Eurojust President Ladislav Hamran said this will become the largest such operation it's ever assembled.

"Never in the history of armed conflicts has the legal community responded with such determination," Hamran told reporters this week.

International legal cooperation

ICC Chief Prosecutor Karim Khan said the effort could become a model for international investigations.

"I think this is what is needed for crimes of the magnitude that we often see at the ICC. We need to build partnerships," Khan told reporters. "There's no dichotomy between cooperation and independence. Cooperation does not mean competition. Collaboration does not mean that it disputes one's independence.
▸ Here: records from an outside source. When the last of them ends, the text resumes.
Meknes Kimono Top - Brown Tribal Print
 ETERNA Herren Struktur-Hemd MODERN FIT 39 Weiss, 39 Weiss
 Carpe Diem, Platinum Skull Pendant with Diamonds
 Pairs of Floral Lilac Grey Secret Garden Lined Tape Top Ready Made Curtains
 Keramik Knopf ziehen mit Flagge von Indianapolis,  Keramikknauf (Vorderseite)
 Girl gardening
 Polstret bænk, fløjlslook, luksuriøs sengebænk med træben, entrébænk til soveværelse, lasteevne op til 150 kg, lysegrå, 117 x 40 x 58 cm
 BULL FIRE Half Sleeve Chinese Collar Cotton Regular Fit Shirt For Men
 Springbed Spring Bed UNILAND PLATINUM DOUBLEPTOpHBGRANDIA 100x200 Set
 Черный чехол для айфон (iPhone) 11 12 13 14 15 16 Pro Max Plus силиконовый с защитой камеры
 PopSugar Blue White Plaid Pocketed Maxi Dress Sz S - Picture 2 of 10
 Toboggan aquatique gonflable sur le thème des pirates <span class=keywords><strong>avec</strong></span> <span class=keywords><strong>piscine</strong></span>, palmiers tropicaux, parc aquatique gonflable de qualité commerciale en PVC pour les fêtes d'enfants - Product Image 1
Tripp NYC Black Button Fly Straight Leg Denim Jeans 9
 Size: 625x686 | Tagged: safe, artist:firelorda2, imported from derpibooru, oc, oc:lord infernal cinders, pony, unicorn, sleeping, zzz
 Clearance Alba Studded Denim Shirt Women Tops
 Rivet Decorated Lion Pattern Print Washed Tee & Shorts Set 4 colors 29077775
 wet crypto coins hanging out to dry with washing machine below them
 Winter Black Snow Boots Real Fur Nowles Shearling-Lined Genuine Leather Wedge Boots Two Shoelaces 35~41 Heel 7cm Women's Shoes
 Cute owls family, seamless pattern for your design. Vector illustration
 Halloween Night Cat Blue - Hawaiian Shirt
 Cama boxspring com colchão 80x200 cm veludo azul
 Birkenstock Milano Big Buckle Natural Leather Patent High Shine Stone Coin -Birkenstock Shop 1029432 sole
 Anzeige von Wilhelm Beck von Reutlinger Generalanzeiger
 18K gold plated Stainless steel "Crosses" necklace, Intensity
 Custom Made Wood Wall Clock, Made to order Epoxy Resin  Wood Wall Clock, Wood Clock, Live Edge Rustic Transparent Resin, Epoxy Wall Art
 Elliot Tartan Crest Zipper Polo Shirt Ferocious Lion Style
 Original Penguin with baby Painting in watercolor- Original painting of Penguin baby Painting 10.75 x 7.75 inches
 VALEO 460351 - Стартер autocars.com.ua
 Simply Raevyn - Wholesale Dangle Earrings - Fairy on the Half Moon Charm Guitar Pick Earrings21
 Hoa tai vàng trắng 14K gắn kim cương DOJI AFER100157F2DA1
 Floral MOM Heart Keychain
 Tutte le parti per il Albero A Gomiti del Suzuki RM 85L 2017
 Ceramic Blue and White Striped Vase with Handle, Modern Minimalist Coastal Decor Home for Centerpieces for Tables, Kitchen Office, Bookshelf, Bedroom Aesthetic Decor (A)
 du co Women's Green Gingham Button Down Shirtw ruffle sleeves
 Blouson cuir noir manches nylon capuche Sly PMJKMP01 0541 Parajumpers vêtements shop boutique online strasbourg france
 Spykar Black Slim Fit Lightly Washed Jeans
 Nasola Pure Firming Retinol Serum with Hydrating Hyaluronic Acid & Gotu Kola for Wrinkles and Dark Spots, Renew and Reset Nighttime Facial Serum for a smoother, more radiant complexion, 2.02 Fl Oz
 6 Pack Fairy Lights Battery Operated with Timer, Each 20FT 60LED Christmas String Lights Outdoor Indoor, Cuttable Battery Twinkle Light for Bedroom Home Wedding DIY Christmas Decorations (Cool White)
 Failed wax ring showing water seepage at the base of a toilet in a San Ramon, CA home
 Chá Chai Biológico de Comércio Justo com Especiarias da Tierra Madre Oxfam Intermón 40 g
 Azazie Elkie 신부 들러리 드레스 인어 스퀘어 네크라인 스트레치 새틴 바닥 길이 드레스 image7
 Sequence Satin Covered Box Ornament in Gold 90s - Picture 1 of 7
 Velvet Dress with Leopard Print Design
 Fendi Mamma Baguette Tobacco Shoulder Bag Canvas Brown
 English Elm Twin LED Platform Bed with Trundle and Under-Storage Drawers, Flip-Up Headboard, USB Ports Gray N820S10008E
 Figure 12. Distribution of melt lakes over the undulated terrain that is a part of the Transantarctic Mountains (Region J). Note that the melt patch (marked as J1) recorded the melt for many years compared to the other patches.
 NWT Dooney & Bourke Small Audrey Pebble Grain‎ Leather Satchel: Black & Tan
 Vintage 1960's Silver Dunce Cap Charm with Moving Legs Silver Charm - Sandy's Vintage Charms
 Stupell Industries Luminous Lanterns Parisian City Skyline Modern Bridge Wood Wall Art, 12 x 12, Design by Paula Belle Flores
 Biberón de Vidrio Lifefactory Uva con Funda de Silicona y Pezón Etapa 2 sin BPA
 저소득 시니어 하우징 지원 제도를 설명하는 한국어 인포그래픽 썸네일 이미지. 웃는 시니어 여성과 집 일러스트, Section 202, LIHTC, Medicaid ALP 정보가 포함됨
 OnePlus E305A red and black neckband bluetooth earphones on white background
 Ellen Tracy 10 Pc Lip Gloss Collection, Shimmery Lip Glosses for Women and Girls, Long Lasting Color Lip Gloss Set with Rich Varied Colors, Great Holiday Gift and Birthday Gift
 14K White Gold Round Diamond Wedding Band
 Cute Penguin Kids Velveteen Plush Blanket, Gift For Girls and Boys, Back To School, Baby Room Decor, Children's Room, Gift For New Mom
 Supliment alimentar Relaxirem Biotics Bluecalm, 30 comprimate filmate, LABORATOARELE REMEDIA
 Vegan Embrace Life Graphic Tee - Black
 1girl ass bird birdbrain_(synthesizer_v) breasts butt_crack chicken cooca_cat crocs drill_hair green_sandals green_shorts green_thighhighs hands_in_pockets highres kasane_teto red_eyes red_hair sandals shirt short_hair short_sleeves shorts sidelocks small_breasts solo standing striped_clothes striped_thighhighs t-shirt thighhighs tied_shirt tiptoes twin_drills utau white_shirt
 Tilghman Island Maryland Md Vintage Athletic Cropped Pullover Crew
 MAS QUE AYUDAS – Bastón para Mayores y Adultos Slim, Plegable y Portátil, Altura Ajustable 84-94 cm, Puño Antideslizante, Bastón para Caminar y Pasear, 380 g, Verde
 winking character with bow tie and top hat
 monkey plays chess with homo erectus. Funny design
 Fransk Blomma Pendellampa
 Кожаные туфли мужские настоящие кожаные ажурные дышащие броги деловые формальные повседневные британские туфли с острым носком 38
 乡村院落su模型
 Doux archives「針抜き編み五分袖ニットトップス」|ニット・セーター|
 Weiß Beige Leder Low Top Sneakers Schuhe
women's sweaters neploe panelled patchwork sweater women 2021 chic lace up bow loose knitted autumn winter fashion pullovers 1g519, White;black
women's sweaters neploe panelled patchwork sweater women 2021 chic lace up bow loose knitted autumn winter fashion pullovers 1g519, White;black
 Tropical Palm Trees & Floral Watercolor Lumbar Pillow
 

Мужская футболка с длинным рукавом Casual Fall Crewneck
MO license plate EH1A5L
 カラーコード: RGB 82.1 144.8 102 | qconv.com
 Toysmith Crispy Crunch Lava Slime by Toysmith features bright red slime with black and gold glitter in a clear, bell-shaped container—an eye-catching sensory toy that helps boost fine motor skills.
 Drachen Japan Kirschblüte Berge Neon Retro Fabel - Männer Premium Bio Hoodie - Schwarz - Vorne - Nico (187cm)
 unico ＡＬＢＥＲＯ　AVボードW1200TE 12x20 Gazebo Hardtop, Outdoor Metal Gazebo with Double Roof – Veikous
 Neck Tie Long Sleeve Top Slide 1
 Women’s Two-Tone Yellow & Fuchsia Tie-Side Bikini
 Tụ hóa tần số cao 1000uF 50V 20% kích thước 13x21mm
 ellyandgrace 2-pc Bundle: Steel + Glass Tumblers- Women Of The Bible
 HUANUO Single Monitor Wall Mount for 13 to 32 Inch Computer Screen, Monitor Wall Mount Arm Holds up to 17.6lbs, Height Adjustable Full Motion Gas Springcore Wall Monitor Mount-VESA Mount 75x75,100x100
We have to join hands in the common interest of humanity as officers of the court."

Among the most significant ways the JIT is trying to streamline and assist judicial processes is by centralizing the storage of evidence at Eurojust, evidence collected by experts inside Ukraine or in any other jurisdiction.

Eurojust will provide the JIT with technological assistance to collect data on war crimes and offer interpretation and translation for the investigating teams as well as their evidence.

"We will make sure that everything that is collected within this joint investigation team is actually shareable with all involved parties," Hamran said, adding that it would happen quickly and without the need for formal, time-consuming requests.

Acting against aggression

But even with improved cooperation, war crimes cases, such as those for murder or especially genocide, often take years to bring to trial due to the extremely high burden of proof.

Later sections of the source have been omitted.